** Opening Data shown block **

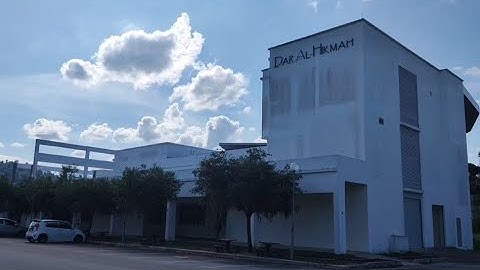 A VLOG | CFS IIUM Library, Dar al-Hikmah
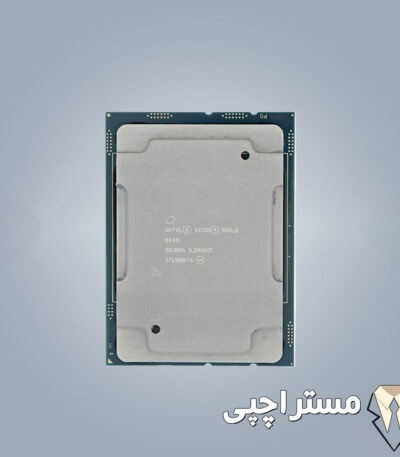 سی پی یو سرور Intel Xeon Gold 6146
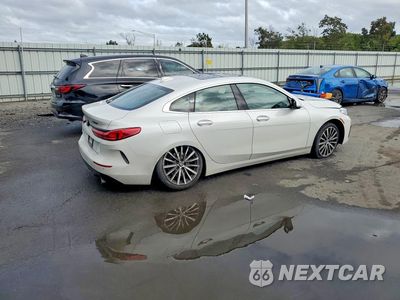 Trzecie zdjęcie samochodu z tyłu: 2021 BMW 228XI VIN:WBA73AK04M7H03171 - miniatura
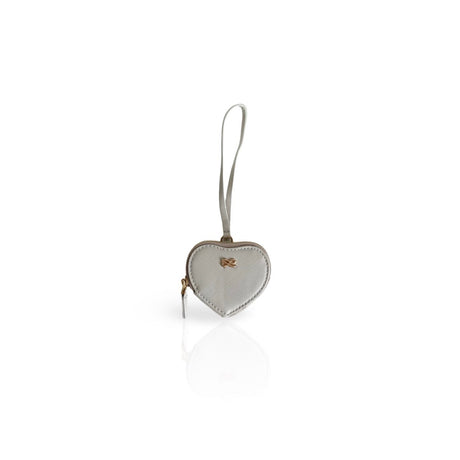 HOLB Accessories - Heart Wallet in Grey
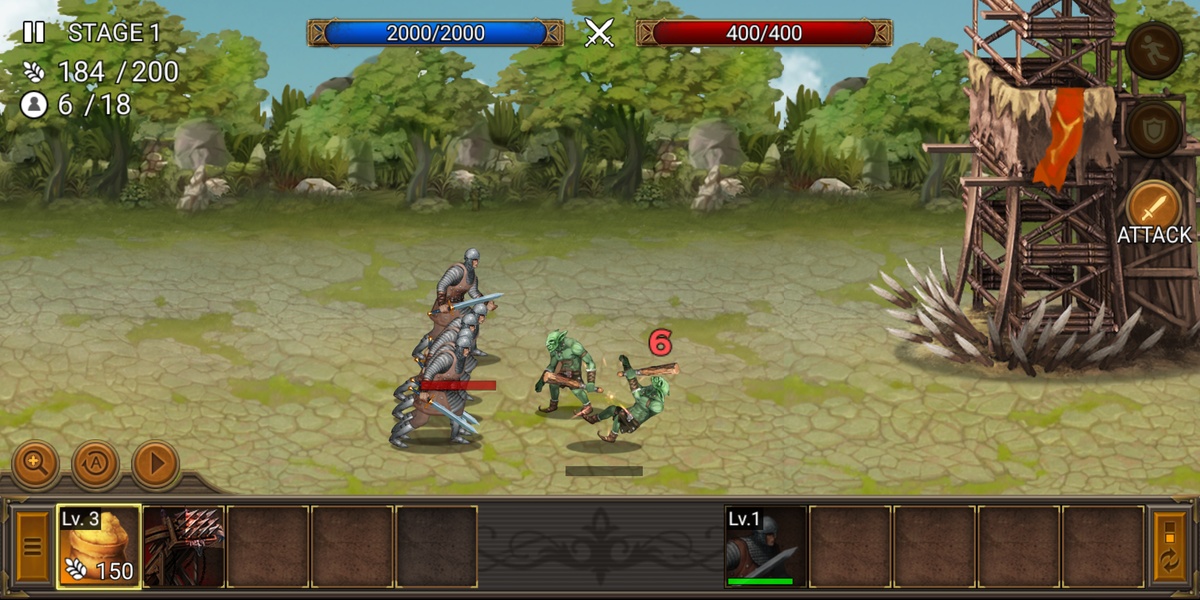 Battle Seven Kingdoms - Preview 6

** Closing Data shown block **

Work instructions >> Please return the entries above exactly as they appear, but without the pictures.

Solution for this task >>
 A VLOG | CFS IIUM Library, Dar al-Hikmah
 سی پی یو سرور Intel Xeon Gold 6146
 Trzecie zdjęcie samochodu z tyłu: 2021 BMW 228XI VIN:WBA73AK04M7H03171 - miniatura
 HOLB Accessories - Heart Wallet in Grey
 Battle Seven Kingdoms - Preview 6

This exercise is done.